The narrative of 'Life Before Her Eyes' switches backwards and forwards between two episodes in the life of Diana McFee. The first is her teenage summer prior to a Colombine-style high school massacre - while the second occurs twenty years later, as her town prepares to remember this tragic event's anniversary. In the high school time-line, Diana (Evan Rachel Wood) hangs out with best friend Maureen (Eva Amurri), alternately discussing future plans and current boyfriends. Their fine performances are captured in radiant dreamlike cinematography which intensifies a sense of foreboding as they approach their fateful encounter with a homicidal armed schoolmate.In the later sequences, a 30-something Diana (Uma Thurman) is embroiled in another crisis, with her marriage under strain and a precocious daughter exhibiting rebellious tendencies similar to Diana's student behavior. Unfortunately these segments are handicapped by a banal story-line and Thurman's lifeless performance. By the end of the film all the loose ends have been neatly resolved, but the climax is ruined by a plot twist which contradicts all the previous character development. Apparently this flawed finale was forced on the producers at Thurman's insistence.
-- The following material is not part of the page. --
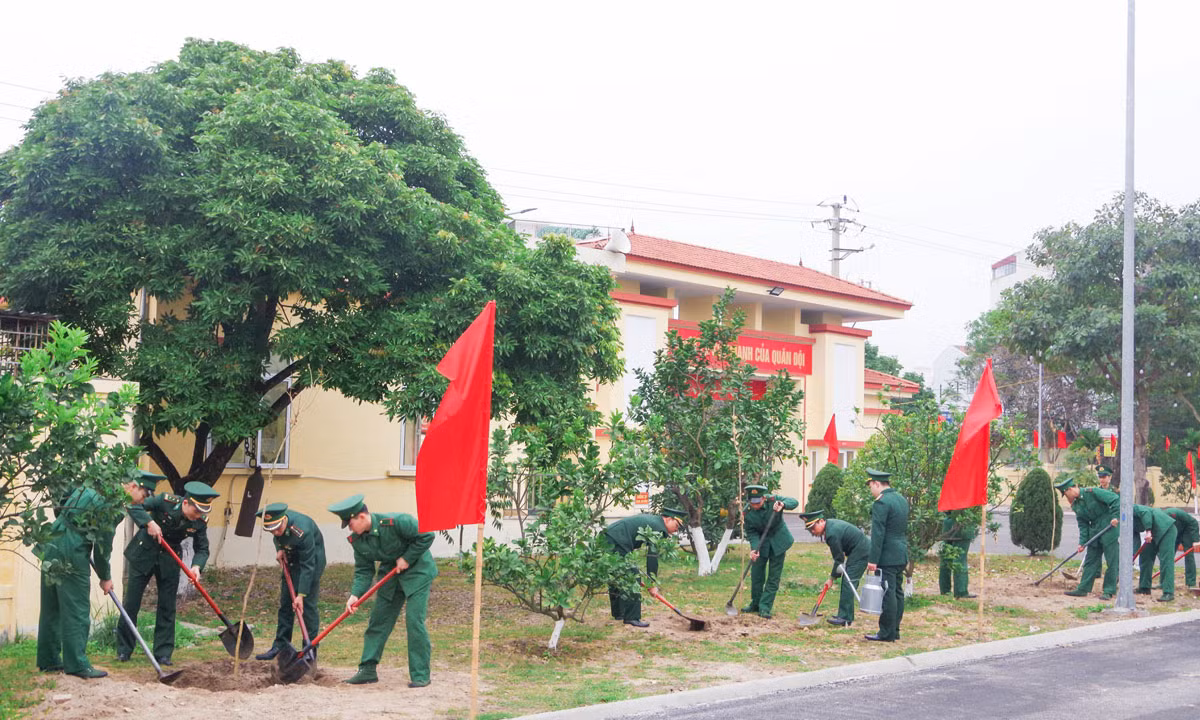 Các chiến sĩ Bộ đội Biên phòng Hải Phòng trồng cây tại nơi đóng quân. (Ảnh: Cổng Thông tin điện tử Hải Phòng) Các chiến sĩ Bộ đội Biên phòng Hải Phòng trồng cây tại nơi đóng quân. (Ảnh: Cổng Thông tin điện tử Hải Phòng)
I really have to question whether the people who reviewed this film in a positive way did, in fact, work on the film. It's just so bad and pretentious. And was this film not already made...Gus Van Sant's film, albeit a different point of view?! The script is clearly dreadful and how they ever got Vadim Perelman involved in this mess is beyond me. I don't see any of the directing skill from House of Sand and Fog. The flashbacks are really cheap and the whole film is just full of obvious device. This was a bad script that got some notable talent attached and somehow made it to production. And what a mistake that was. The Life Before Her Eyes should have been killed in development.